**Task prompt**. Below are records that hold pictures; write out only the lines from their start through the line with "Emergency Survival Water", exactly, and drop the pictures.

[Dataset excerpts]
____________________

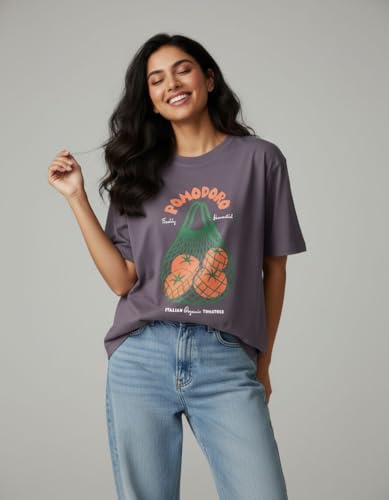 Image of Oversized Cotton T-Shirt for Women Half Sleeve Pomodoro Printed Tee - Breathable Loose Fit Asthetic Casual Wear for College and Daily Ou Outfits, Streetwear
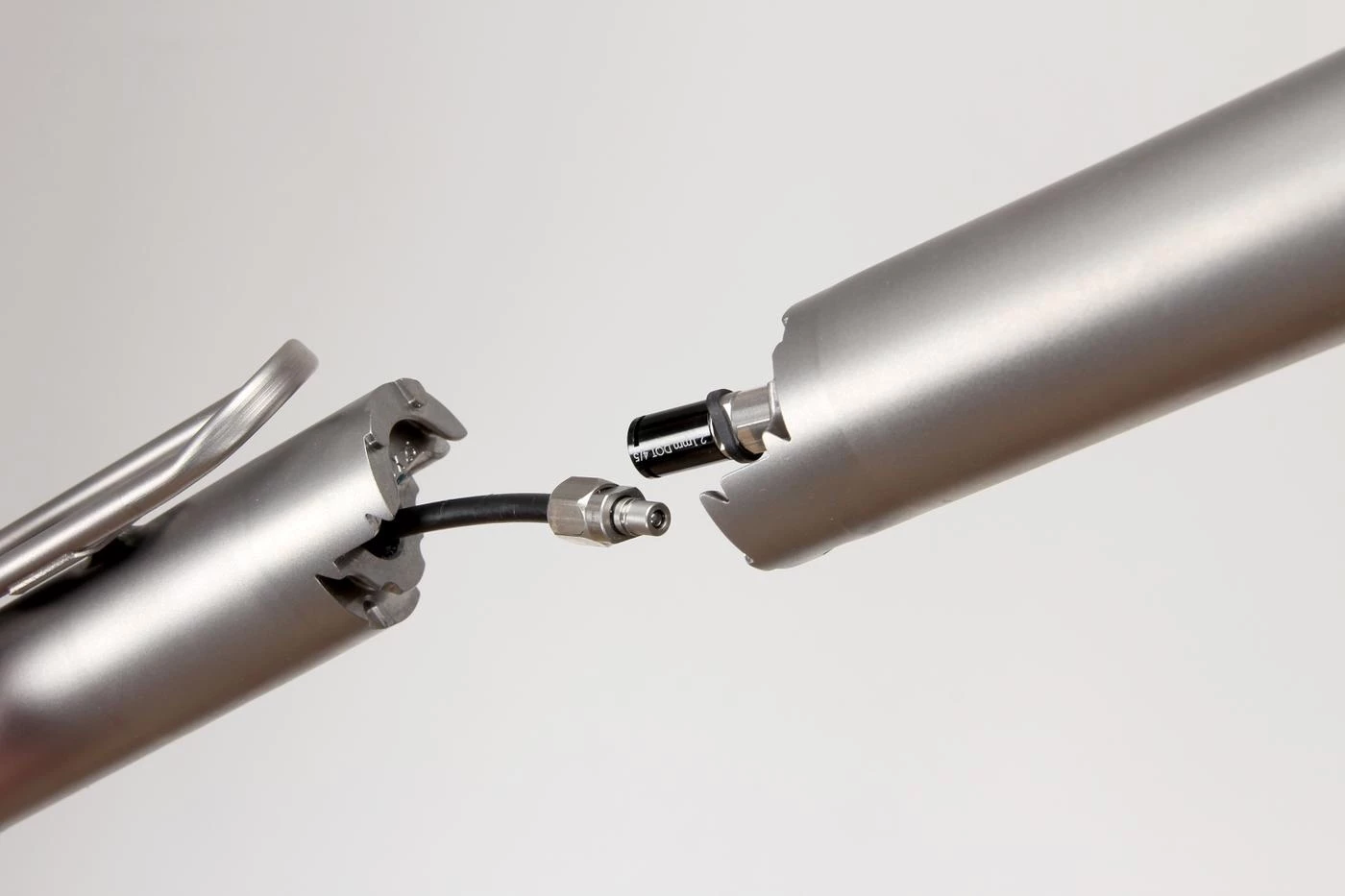 A coupler allows the rear brake hose to be disconnected for transit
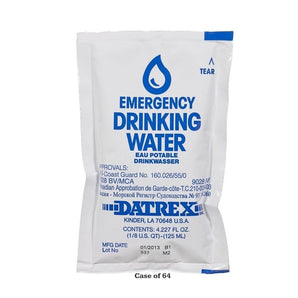 Emergency Survival Water Pouch – 125 mL - Case of 64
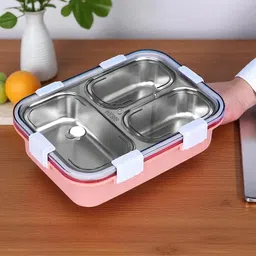 colorbee Action System Stainless Steel Lunch Box with 3 Airtight Leakproof Compartments 3 Containers Lunch Box-picture-17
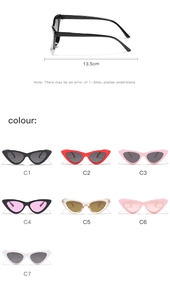 Cat eye sunglasses dimensions diagram showing 13.5cm frame width and multiple colors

____________________

**Task solution**.
 Image of Oversized Cotton T-Shirt for Women Half Sleeve Pomodoro Printed Tee - Breathable Loose Fit Asthetic Casual Wear for College and Daily Ou Outfits, Streetwear
 A coupler allows the rear brake hose to be disconnected for transit
 Emergency Survival Water Pouch – 125 mL - Case of 64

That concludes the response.